Überraschung bei den Revisionsarbeiten am Kitzinger Marktturm: In der vergoldeten Kugel fanden Manfred Hofmann und seine Kollegen von der Dachdecker-Firma Fessler eine sogenannte Zeitkapsel. Die Spannung war groß, welche Dokumente sich in dem Gefäß befinden würden. Baupläne aus der Bauzeit des Turmes, der schon im 13. Jahrhundert erwähnt wurde? Münzen oder sogar Schmuckstücke aus vergangenen Jahrhunderten?

Im Historischen Trausaal des Rathauses lüftete Oberbürgermeister Stefan Güntner das Geheimnis. Schnell stellte sich heraus, dass die Inhalte keine historischen Dimensionen hatten, aber dennoch einen spannenden Einblick in die jüngste Vergangenheit der Großen Kreisstadt gewährten.

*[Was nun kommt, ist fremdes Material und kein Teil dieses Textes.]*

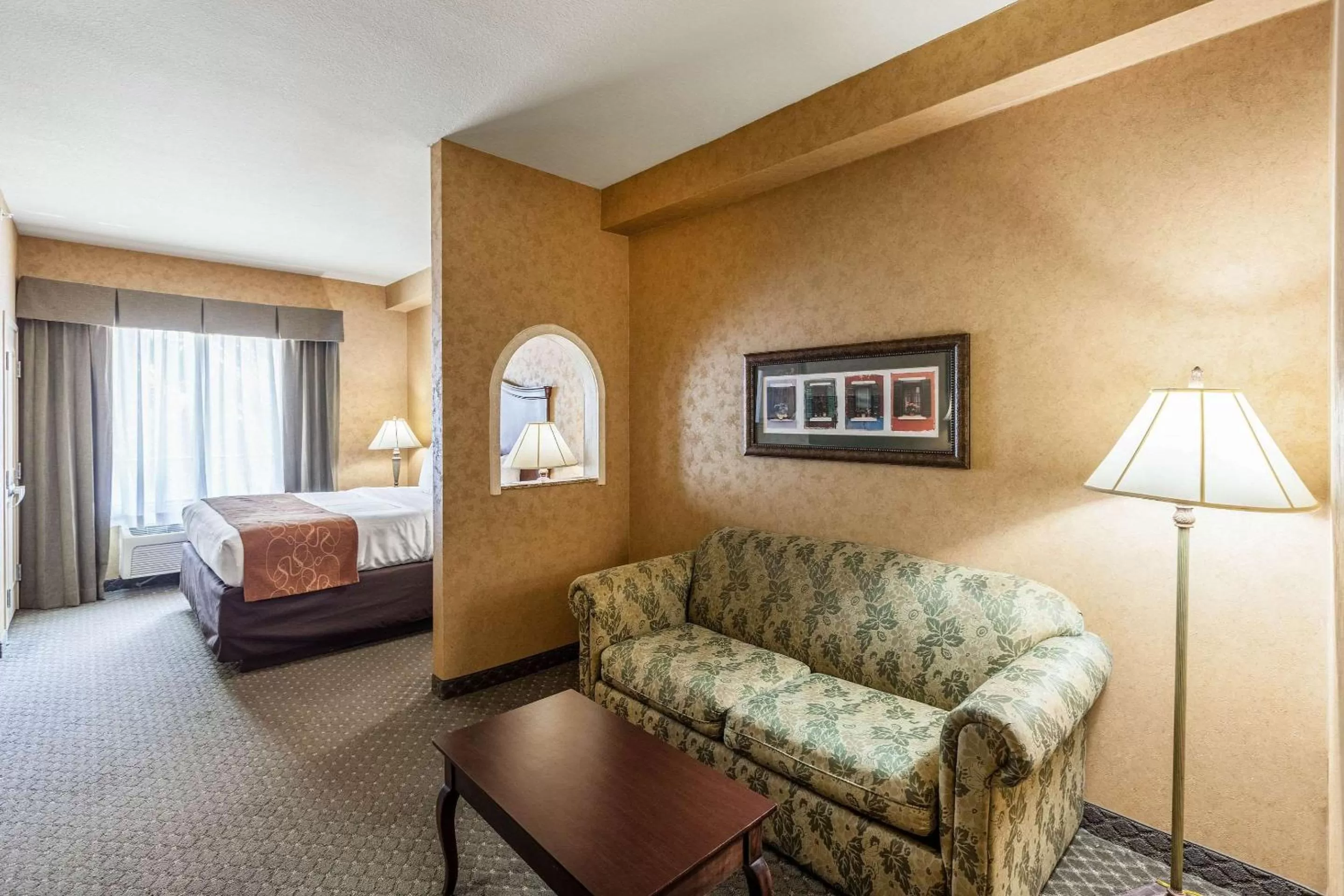 Photo of the whole room, Bed in Comfort Suites Alamo-River walk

Im Herbst 1979 haben Dachdecker offensichtlich die Schieferziegel am Marktturm ausgebessert. „Damals muss die Zeitkapsel zum ersten Mal befüllt worden sein“, sagt Manfred Hofmann, der in Kitzingen und Umgebung schon unzählige dieser Gefäße geöffnet und an den jeweiligen Besitzer übergeben hat. „Normalerweise sind diese Schatullen nur in den Kugeln auf den Kirchturmspitzen zu finden“, erklärt er. „Auf einem Marktturm habe ich so ein Dokument noch nie gesehen.“ Und noch etwas macht den Kitzinger Fund einzigartig. „Es ist die erste Kugel, die kein Einschussloch hat“, staunte Hofmann. Alle anderen Kugeln, die er auf den Kirchturmspitzen untersuchte, wurden Ziel von Freizeitschützen.

In der Kugel auf dem Kitzinger Marktturm fand sich überraschenderweise die Zeitkapsel und darin eine Kitzinger Zeitung und eine Mainpost vom 27. November 1979, außerdem Aufkleber, eine Wanderkarte, ein Rathauswegweiser, Wahlwerbung für den damaligen OB Rudolf Schardt sowie ein Kuvert mit 8.68 Mark. „Von jeder Münze, die es damals gab, ein Stück“, kommentierte Torsten Süß von der Firma Möller Manlift, die bei den Arbeiten am Marktturm ebenfalls eingesetzt ist. Mit Zeitungsausschnitten vom 12. Mai 2022, einem Schreiben des OB an seine möglichen Nachfolger und einer FFP2-Maske – als Symbol für das beherrschende Thema in den Jahren 2020 bis 2022 - wurde die Kapsel wieder befüllt. Spontan füllte Stefan Güntner zusammen mit den Beobachtern im historischen Trausaal ein Kuvert mit den aktuell geltenden Münzen und legte es ebenfalls in die Schatulle. „Mal schauen, mit welcher Währung die nächsten Finder der Zeitkapsel bezahlen“, kommentierte er.  

Zur Geschichte:

Der Marktturm war Teil der inneren Stadtbefestigung, die im 13. Jahrhundert rund um den Stadtkern errichtet wurde. 30 Türme und fünf Tore hatte die Wehranlage seinerzeit. Neben einigen Mauerresten in der Kapuzinerstraße und am Parkplatz „Schwalbenhof“ ist das 39 Meter hohe Bauwerk eines der letzten Reste, die die Zeit überdauert hat. Früher war der Wachturm Domizil des so genannten Türmers. Darüber hinaus diente der Turm auch als Gefängnis.